Emekçi kadının çilesi bitmek nedir bilmez. Hayatın zorluklarını omuzlarında taşır. Ev işi, çocuk bakımı hele bir de çalışıyorsa o zaman taşıdığı yük üçe beşe katlanıyor. Bir kadın için annelik çok önemli bir duygudur. Çocuğunu dünyaya getirir ona tam doyamadan fabrikanın yolunu tutar. Bir yandan çalışır bir yandan aklı yavrusundadır.
Mesela Aynur bir fabrika işçisidir, iki küçük oğlunu düşündükçe gözleri dolar ve ağzından cümleler dökülmeye başlar: “Hem çalışmak hem de annelik çok zor. Ama ben onların geleceği için çalışıyorum daha iyi yaşasınlar diye bırakıp geliyorum.”
Dilber: (Bir ah çekerek) “Üzülme arkadaşım dertlerimiz ortak. Ben kızıma hamileyken çalışıyordum doğum izninden sonra kızımı anneme bırakıp tekrar işe başladım. Şu an 14 yaşında, anne-kız ilişkimiz olamadı. Onun büyüdüğünü göremedim, hasta olduğunda her defasında yanına koşamadım. Çok ağladı arkamdan ‘anne beni bırakıp gitme’ diye. Hangi anne çocuğunu ağlayarak bırakır. Bu para yok mu bu para? Bizi kendine muhtaç ettiren para, yoksulluk, yakamızı bırakmıyor.”

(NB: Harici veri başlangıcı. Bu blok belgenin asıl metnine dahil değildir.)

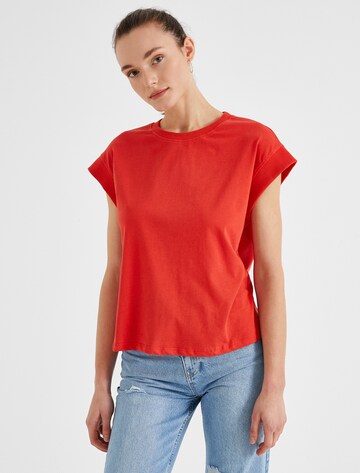 Koton T-Shirt in Rot: Vorderseite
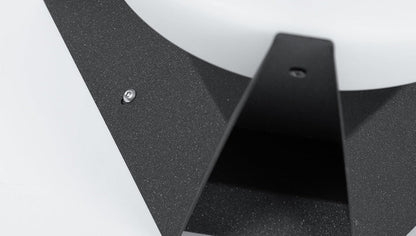 Solar LED Außenlampe Geometrisches Design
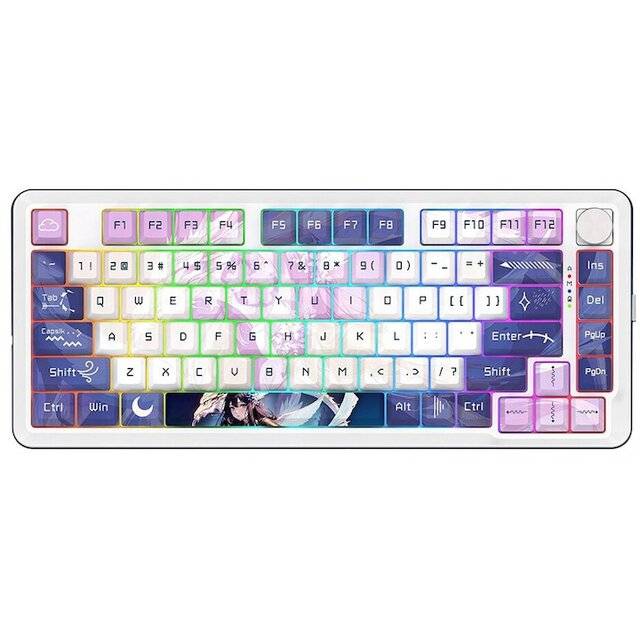 Redragon K681ACG RGB Pro Cyrus 2.4G 75% Mechanical Keyboard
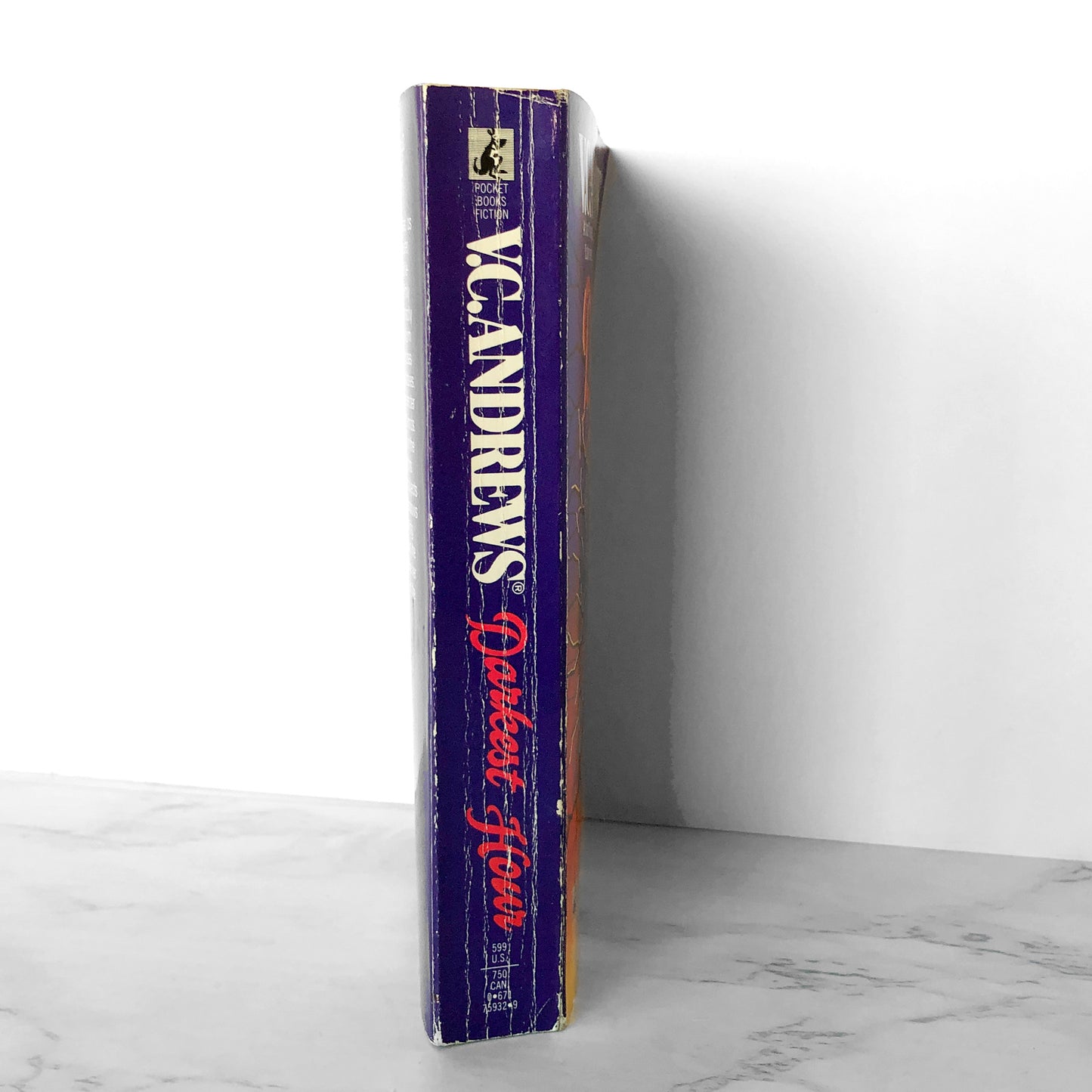 Darkest Hour by V.C. Andrews [FIRST PAPERBACK PRINTING] 1993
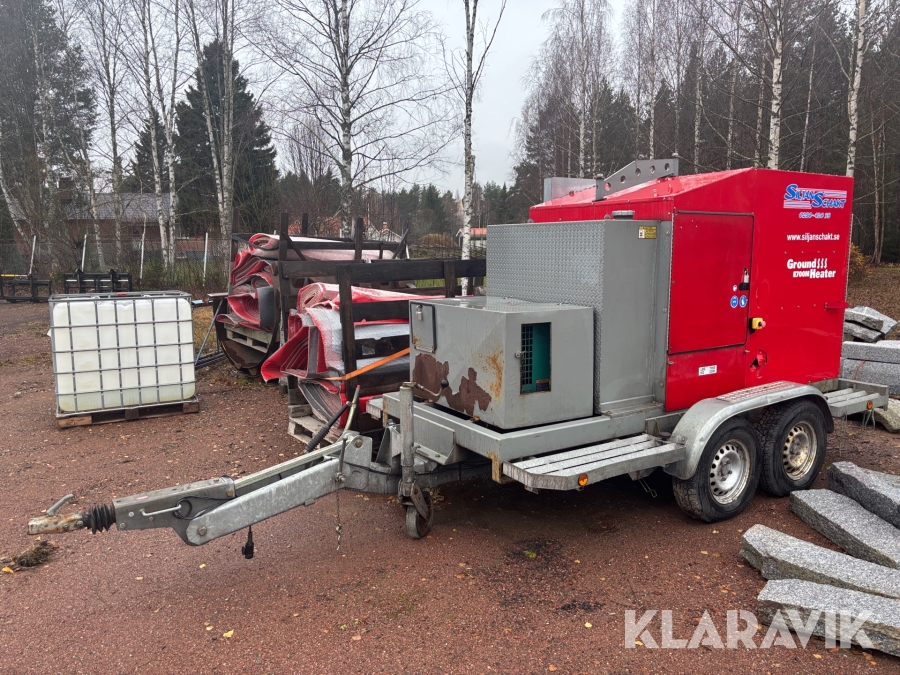 Markvärmare HeatWork E700M Ground Heater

Birsen: (Onun da sorunu aynıdır) “Sormayın benim minicik kızım iki yaşında, her sabah ağlıyor ‘anne işe gitme gel, gitme” diyor. Yani anneler çocuklarına hasret çocuklar annelerine hasret.”
Aynur: “Geçen oğlum iki elini yanağına koymuş, dizlerinin üstüne, oturmuş kapıda ‘annem ne zaman gelecek?’ diye, o kadar içim acıdı ki! Küçük bir çocuğun anneye ihtiyacı olduğu dönemlerde yanlarında olamıyoruz. Bu zamanda tek kişinin maaşı yeter mi? Yetmiyor. Çocuklarımızı gözü yaşlı bırakıp geliyoruz işe.”
Dilber: “Ben de şaşırdım, işin yükü, çocuk yükü, evin yükü, geçim derdi. Dağ olsa yıkılır.” Gülerek sözlerine devam ediyor: “Ama kadınlar yıkılmıyor kadınlar güçlü canım, yoksa kim dayanır bunca şeye? Erkekler bu yükün altından kalkamazlar.”
Emekçi kadınlar yaşamın yarısıdır, hayatın her alanında kadının emeği vardır. İşçi sınıfının kadınları tek tek sorunlarının üstesinden gelemezler, çocuklarına iyi bir gelecek veremezler. Kadın işçiler birlikte ve örgütlü olduklarında güçlüler. Emekçi kadınlar nasıl ki yaşamın yarısıysa mücadelede de ön saflarda olmalılar.